The breeze shifted direction just then, and Armanoush caught a pungent whiff of the sea. This city was a jumble of aromas, some of them strong and rancid, others sweet and stimulating. Almost every smell made Armanoush recall some sort of food, so much so that she had started to perceive Istanbul as something edible. She had been here for eight days now and the longer she stayed, the more twisted and multifaceted Istanbul grew to be. Perhaps she was getting used to being a foreigner in this city, if not getting used to the city itself.

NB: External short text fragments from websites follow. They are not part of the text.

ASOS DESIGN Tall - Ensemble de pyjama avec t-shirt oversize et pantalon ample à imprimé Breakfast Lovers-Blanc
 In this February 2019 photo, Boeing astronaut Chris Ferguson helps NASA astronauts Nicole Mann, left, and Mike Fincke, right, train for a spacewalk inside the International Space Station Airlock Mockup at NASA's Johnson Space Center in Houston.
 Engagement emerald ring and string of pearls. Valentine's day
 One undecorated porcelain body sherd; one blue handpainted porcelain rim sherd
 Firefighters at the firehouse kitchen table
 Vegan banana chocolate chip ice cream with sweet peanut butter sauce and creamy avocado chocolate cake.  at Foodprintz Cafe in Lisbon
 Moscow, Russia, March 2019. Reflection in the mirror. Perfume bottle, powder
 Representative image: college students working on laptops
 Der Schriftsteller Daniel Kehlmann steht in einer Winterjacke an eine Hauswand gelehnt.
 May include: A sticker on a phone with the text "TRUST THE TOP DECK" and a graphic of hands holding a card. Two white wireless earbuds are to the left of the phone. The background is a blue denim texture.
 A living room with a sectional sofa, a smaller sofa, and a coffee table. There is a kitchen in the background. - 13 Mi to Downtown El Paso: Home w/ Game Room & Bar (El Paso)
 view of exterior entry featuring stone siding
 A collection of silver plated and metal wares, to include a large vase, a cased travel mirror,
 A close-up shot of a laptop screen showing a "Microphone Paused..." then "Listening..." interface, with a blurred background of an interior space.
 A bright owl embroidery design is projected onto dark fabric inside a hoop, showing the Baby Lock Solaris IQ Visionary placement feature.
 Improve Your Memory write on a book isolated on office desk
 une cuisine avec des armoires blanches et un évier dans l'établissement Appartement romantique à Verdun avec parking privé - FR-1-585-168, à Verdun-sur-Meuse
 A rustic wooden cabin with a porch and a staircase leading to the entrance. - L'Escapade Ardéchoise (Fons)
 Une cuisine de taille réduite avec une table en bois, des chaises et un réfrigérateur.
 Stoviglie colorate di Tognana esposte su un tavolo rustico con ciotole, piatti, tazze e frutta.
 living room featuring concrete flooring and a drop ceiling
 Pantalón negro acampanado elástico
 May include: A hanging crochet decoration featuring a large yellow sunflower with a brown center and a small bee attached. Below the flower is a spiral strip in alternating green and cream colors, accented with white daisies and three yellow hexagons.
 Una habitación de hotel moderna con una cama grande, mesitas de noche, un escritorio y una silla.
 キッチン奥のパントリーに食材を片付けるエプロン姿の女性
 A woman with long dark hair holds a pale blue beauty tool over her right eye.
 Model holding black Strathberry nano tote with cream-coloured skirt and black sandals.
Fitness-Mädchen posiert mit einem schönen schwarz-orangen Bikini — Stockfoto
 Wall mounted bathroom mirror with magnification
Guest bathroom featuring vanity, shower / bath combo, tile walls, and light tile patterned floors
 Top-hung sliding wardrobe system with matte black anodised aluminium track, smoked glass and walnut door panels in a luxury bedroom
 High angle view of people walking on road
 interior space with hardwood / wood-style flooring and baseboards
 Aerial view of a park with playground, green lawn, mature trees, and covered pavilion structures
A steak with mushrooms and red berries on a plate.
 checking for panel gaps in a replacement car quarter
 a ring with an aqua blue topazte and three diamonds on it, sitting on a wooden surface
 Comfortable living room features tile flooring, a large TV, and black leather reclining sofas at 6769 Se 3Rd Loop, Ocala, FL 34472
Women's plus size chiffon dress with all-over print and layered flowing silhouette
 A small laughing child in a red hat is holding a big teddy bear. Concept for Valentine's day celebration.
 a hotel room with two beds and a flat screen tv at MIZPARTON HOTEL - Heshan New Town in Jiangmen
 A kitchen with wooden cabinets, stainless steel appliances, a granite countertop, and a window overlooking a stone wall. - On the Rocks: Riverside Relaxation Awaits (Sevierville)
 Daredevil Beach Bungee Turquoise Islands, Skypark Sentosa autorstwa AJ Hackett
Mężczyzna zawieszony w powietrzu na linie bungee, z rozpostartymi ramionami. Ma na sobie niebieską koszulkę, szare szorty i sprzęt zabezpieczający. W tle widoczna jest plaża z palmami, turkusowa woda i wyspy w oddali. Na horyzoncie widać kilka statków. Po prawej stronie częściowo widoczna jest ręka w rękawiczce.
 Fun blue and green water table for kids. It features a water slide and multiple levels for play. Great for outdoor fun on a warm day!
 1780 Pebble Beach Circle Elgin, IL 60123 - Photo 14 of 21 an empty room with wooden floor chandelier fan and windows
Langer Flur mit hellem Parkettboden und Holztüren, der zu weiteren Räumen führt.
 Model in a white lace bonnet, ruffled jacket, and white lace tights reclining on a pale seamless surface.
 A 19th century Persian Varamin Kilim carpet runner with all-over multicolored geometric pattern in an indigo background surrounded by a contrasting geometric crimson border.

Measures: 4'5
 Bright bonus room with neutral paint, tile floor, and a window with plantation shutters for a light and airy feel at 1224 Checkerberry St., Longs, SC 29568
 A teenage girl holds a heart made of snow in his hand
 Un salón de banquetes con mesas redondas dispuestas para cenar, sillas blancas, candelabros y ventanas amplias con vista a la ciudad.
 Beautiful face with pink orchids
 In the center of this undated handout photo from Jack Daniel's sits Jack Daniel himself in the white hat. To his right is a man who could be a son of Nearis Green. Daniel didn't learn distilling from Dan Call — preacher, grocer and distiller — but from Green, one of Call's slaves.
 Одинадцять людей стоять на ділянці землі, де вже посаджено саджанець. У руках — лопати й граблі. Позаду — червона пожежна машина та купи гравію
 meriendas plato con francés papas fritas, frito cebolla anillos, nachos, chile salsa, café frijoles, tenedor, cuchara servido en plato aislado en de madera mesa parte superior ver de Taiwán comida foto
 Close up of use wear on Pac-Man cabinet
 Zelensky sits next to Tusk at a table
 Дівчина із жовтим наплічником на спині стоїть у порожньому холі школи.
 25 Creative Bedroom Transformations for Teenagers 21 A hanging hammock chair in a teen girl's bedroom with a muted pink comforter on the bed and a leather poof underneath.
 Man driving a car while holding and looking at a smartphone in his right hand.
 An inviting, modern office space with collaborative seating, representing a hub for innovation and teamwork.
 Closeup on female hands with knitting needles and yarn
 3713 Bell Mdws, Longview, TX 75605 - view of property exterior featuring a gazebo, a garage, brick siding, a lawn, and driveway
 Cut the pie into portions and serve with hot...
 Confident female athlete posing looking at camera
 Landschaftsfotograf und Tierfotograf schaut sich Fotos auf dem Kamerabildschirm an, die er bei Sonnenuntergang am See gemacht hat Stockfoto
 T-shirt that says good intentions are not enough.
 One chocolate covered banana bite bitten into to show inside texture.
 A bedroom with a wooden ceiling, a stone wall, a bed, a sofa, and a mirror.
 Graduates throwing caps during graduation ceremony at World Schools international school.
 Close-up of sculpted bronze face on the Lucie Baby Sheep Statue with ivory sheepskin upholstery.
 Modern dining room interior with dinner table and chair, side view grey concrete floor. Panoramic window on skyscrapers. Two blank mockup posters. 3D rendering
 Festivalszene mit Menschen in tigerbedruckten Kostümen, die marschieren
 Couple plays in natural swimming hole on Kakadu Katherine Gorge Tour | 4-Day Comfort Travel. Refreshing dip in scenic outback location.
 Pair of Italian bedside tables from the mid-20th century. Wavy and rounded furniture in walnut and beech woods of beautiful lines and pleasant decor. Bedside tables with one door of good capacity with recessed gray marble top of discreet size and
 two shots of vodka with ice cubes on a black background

“My guess is it’s all because of Auntie Zeliha’s experience with my dad, whoever that was,” Asya continued. “That must be why she is so against marriage. I think she has a trust issue with men.”
“Well, I can understand that,” Armanoush said.
“But don’t you think there is a huge difference between the two sexes when it comes to recovery after an affair? I mean, when women survive an awful marriage or love affair, and all that shit, they generally avoid another relationship for quite some time. With men, however, it is just the opposite; the moment they finish a catastrophe they start looking for another one. Men are incapable of being alone.”
Armanoush gave a curt nod of acknowledgment, although the pattern did not quite fit her parents’ situation. It was her mother who had remarried after her divorce while her father had remained single to this day. Armanoush then asked:
“This Aram . . . where is he from?”
“He’s from around here, just like us.” Asya shrugged, but then in a flash she understood what was being asked. Surprised at her own ignorance, she lit the cigarette she had been sucking on and took a puff. How could she have failed to make the connection? Aram came from an Armenian family in Istanbul. He was, theoretically, Armenian.
And yet there was a sense in which Aram could
not
be Armenian or Turk or any other nationality. Aram could only be Aram, entirely sui generis. He was a unique member of a unique species. He was a charmer, a colossal romantic, a political science professor who often confessed to being more inclined to live the life of a fisherman in a seedy village on the Mediterranean. He was a fragile heart, a gullible soul, and a walking slice of chaos; a sanguine utopian and an irresponsible promiser; an outstandingly messy and quick-witted and honorable man. He was one of a kind and consequentially Asya had never associated him with any collective identity. Tempted as she was to say something in this vein, she simply replied: “Actually, he is Armenian.”